The biggest acceleration is for the mediocre coders like me - the one who knows 90% of the code but will spend 95% of the time (perhaps several hours) trying to get the data structure correct. These systems can the code almost all the way there and I can now spend that couple hours running tests rather than pounding my head against the wall realizing this is faster and easier to understand in a dictionary than the dumb tuple (round peg) I would have spent hours trying to jam through the square hole.

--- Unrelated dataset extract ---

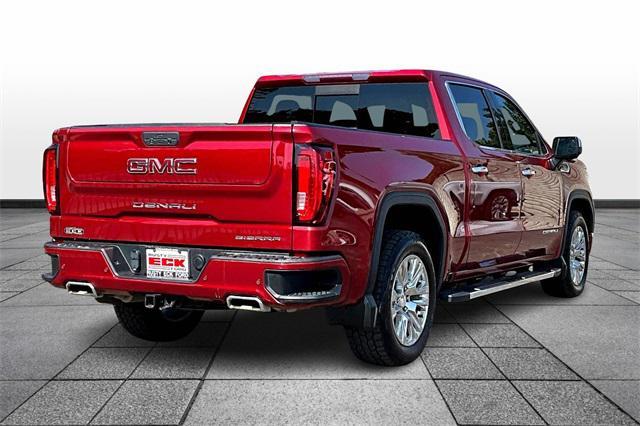 used 2020 GMC Sierra 1500 car, priced at $42,913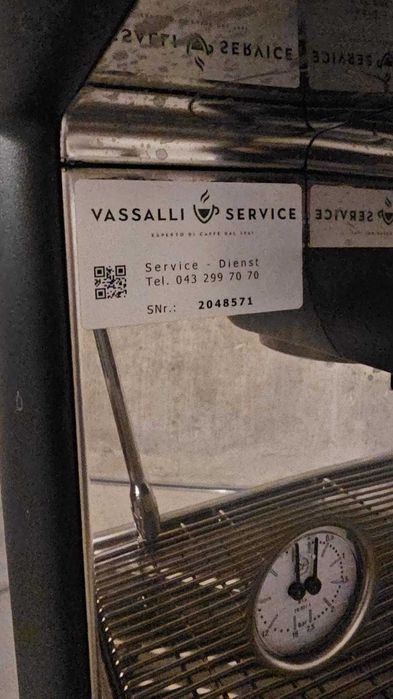 професионална кафемашина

I think the problem you're describing might be a symptom of coding as the first step instead of the last. I find once I specify a problem and my proposed solution in sufficient detail, the structure of the code becomes obvious. This is best done with the various tools of human communication--visual diagrams, prose, mathematics, and algorithmic descriptions in the form of pseudocode. Only then, when I sufficiently understand what I'm actually trying to do, should I actually start writing code in a programming language. Otherwise I get pigeonholed into some half-baked idea by the various rigours of the language itself. Writing code before I truly understand what I'm trying to accomplish, I've learned over time, is an awfully costly form of premature optimization.
EDIT: I don't mean to suggest programming languages aren't tools of human communication--they absolutely are. In fact, that's their primary purpose--to communicate ideas about the structure of a computation to other programmers. But starting with structural ideas about the implementation rather than conceptual ones about the nature of the problem and the shape the solution should therefore take is putting the cart before the horse.